Ook voor de oorlog in de Oekraïne is 2022 het eerste jaar in de geschiedenis dat er sprake is van meer vraag dan aanbod voor wat betreft olie. Dit is in de meer dan 150 jaar geschiedenis in de winning van aardolie niet eerder voorgekomen. De laatste jaren had Saoedi-Arabië altijd nog wel reservecapaciteit. Nu heeft OPEC moeite om de beloofde maandelijkse verhoging van de productie met 400.000 vaten per dag te halen. Als het meezit haalt OPEC de 240.000 vaten per dag. En het zit niet mee want onderdeel van OPEC+ is tegenwoordig Rusland. Poetin is tot veel in staat, maar tot op heden is er nog geen sprake van een olie- en gasboycot door de Russen. Het bijzondere is dat nu de rest van de wereld Russische grondstoffen wil gaan boycotten. Dat is de wereld op zijn kop. Vorige week wist Shell op een 28 dollar lagere marktprijs nog Oeral-olie in te slaan, maar het bedrijf werd er meteen op aangesproken en heeft beloofd de opbrengst te schenken aan een goed doel. Grootverbruikers van Russisch gas beëindigen vrijwillig hun contract en veel lokale overheden willen niets meer met Rusland te maken hebben, mede door de druk van de sociale media. Verder zijn de olievoorraden, evenals de gasvoorraden en ook de voorraden steenkool extreem laag. Wereldwijd wordt het hele jaar al ingeteerd op de voorraden om aan de vraag te voldoen. Op korte termijn komt er maar weinig capaciteit bij, vooral omdat investeren in oliewinning in de afgelopen jaren bepaald niet populair was. Het aantal boortorens is de VS is nog altijd zo’n 30 procent lager dan voor de start van de coronapandemie. Daarmee is het aantal boortorens vergelijkbaar met het aantal in het jaar 2016, ondanks het feit dat olieprijzen op het hoogste niveau staan in zeven jaar tijd.

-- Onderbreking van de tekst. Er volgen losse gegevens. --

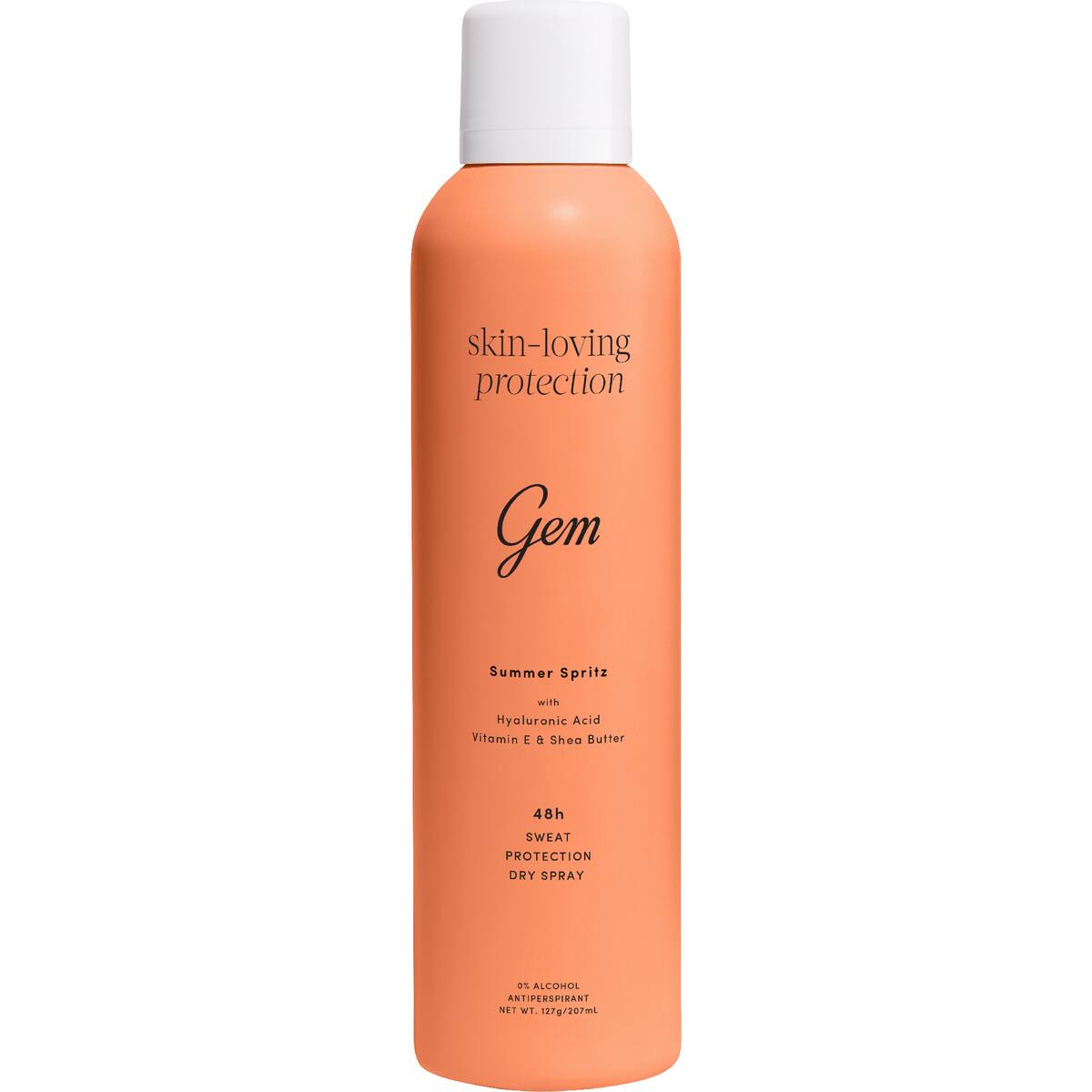 Gem Deodorant Antiperspirant Summer Spritz 207ml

Pijngrens voor de vraag naar olie nog niet bereikt.
Olieprijzen kunnen alleen maar stabiliseren wanneer er vraag uitvalt. Nu is energie een eerste levensbehoefte, dus de vraag ernaar is redelijk inelastisch. Verder gaan overheden massaal fossiele brandstoffen subsidiëren, want anders worden consumenten te hard getroffen. De pijngrens aan de vraagkant van olie ligt daardoor een stuk hoger. Bovendien geven huishoudens ook na de recent gestegen olieprijs minder uit aan energie dan in de jaren zeventig, het duurt dus nog even voordat die pijngrens is bereikt. Na de olieschok van 1973 verdrievoudigde de olieprijs in drie maanden tijd, waarna in 1979 de olieprijzen nogmaals verdubbelden na de Iraanse revolutie. We staan nu nog maar op het niveau van zeven jaar geleden en nog altijd onder het niveau van veertien jaar geleden. Er is pas sprake van een echte olieschok wanneer de olieprijs vanaf het huidige niveau zou verdubbelen. Het laten vrijvallen van de strategische reserves werkt psychologisch als olie op het vuur. Het is een eenmalige actie, vooral ingegeven met de gedachte dat olieprijzen nog verder kunnen stijgen, maar het lijkt al snel op een wanhoopsoffensief. Aan feit dat al die fossiele brandstoffen bijdragen aan de klimaatcrisis wordt niet zo zwaar meer getild. De energiezekerheid gaat nu even voor de energietransitie. De vorige keer toen de olieprijs op een recordniveau stond was het juli 2008. Toen maakte de Grote Financiële Crisis korte metten met de vraag naar olie. Nu gaat de wereldeconomie in de komende maanden weer volledig open door het einde van de coronapandemie. We gaan weer vliegen, al duren de vluchten rondom Rusland tegenwoordig wel wat langer en ook dat vreet energie.
De kansen op een krimpend aanbod nemen toe.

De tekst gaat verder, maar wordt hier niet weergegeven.